* Assigned task:
Excluding every picture, print exactly the lines from the one containing "this 873×582 image." through the end of the material below, both ends included.
• • • • •
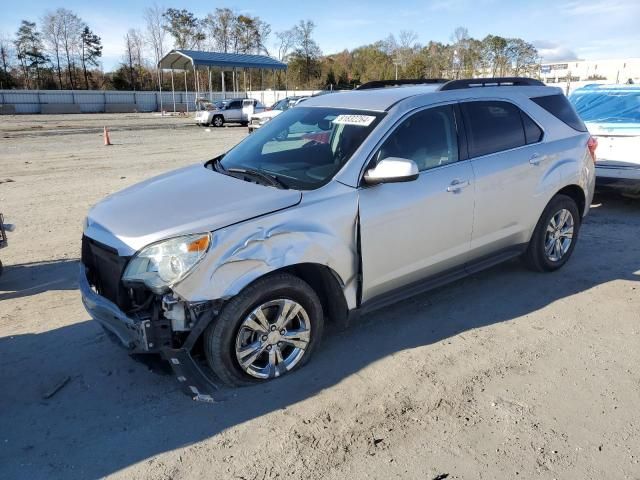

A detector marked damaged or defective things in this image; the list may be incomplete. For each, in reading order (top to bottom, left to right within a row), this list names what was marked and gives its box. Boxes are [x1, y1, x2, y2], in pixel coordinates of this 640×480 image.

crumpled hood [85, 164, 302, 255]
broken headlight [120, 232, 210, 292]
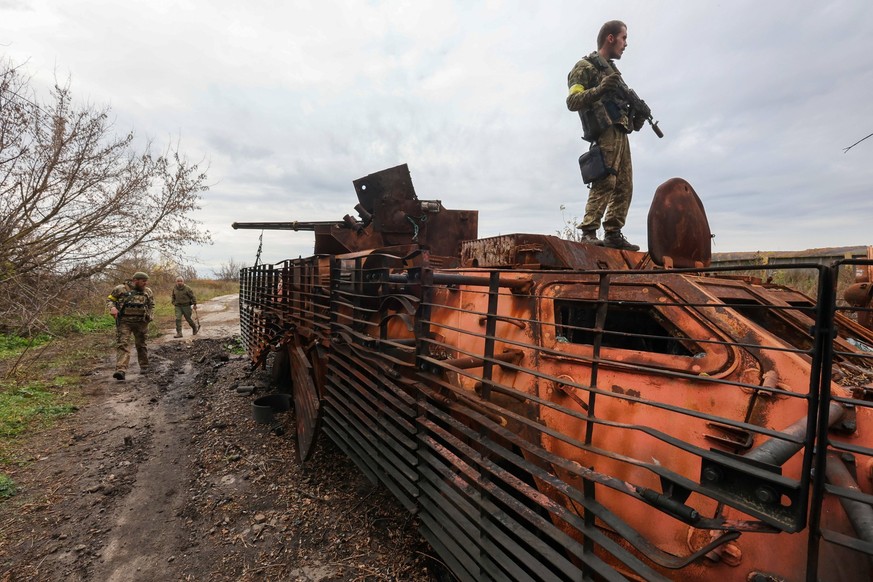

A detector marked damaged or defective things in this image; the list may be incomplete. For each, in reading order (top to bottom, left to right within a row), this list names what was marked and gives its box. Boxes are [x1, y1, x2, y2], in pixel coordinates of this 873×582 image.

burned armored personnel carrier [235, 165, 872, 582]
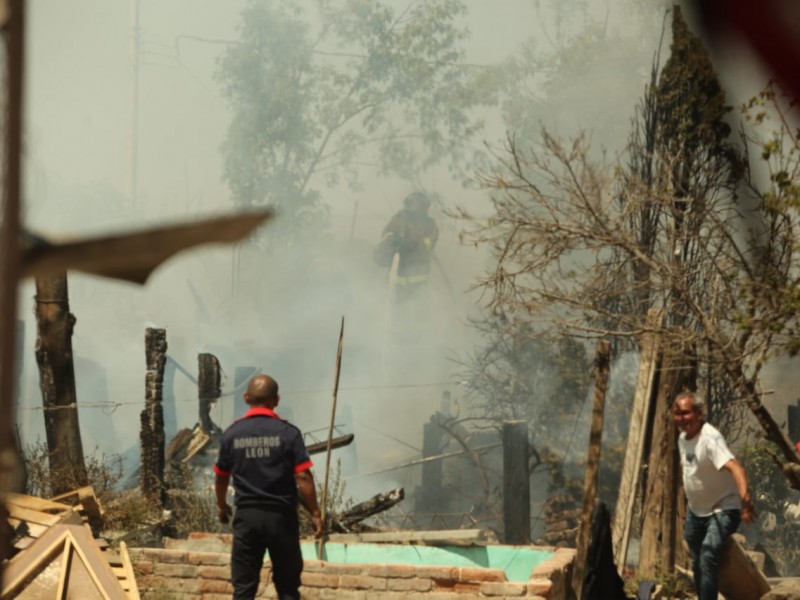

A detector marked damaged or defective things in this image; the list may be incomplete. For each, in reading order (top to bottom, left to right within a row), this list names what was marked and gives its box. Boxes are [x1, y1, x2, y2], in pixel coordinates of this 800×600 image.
• • • • •
* Task solution:
A detector marked damaged or defective things in this image; the list may be incomplete. For each, in reading order (top to bottom, left to right within a row), this list names what was marked and gives its box. Boxes are [x1, y1, x2, y2], in pixel coordinates of this 873×582 image.

burned armored personnel carrier [235, 165, 872, 582]

A detector marked damaged or defective things in this image; the list may be incomplete. For each, in reading order (top to bottom, left to right within a row), this list names what was marked and gives its box. Boxes are [x1, y1, x2, y2], in pixel coordinates of this 800×600 image.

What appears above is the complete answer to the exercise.